> _WORK ORDER_
Take the entries that follow and return exactly the lines from the one holding "dong-ho-thong-minh-chong-nuoc-Garmin-Vivoactive 4-01" through the one holding "تعبئة وتجنيد وحرمان", both included. Nothing else is needed.

> _SUPPLIED RECORDS_
+ + +

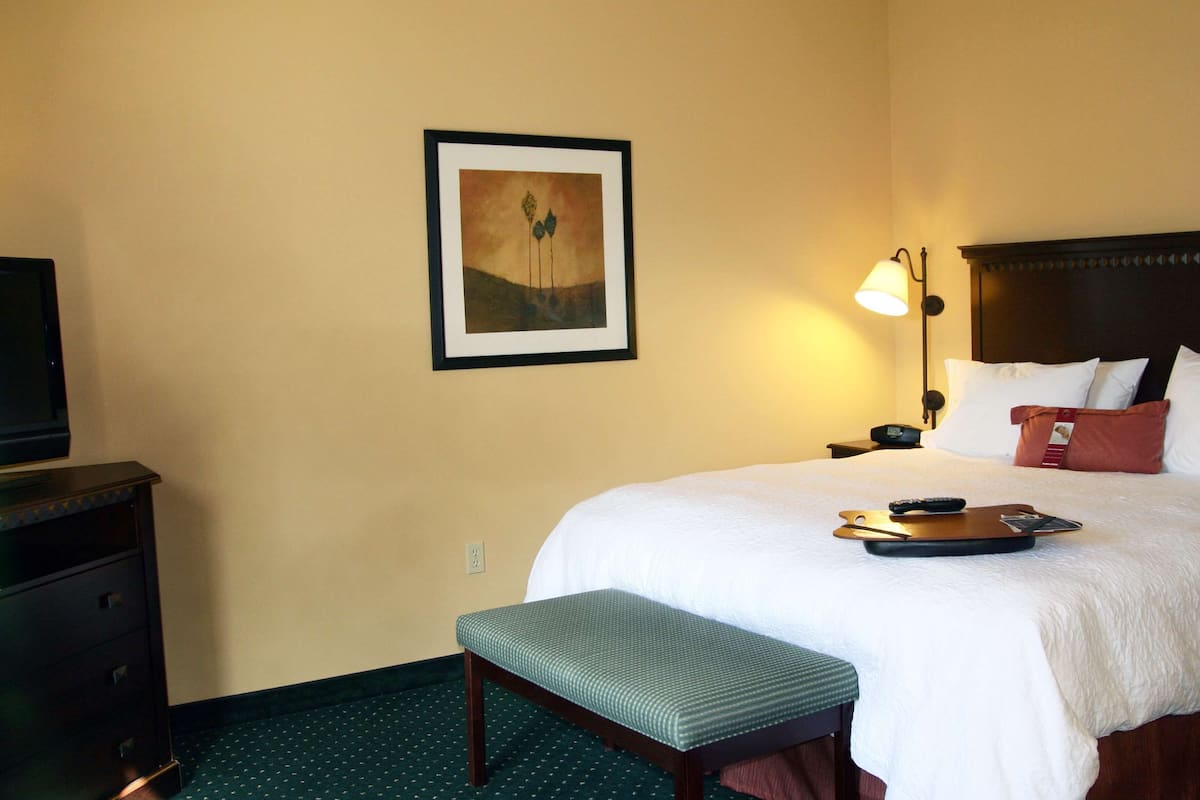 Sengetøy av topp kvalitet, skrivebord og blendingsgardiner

+ + +

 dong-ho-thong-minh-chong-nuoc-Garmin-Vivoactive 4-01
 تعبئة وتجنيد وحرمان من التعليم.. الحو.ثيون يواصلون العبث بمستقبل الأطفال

+ + +

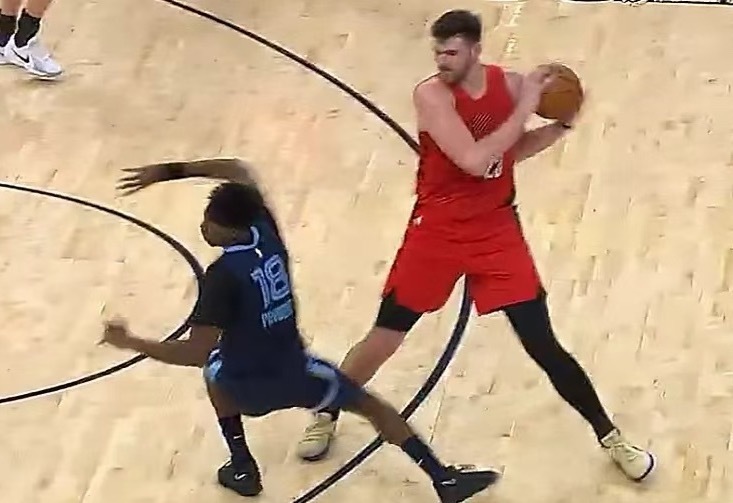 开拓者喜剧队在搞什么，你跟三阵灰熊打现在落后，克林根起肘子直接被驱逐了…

+ + +

> _SOLUTION BELOW_
 dong-ho-thong-minh-chong-nuoc-Garmin-Vivoactive 4-01
 تعبئة وتجنيد وحرمان من التعليم.. الحو.ثيون يواصلون العبث بمستقبل الأطفال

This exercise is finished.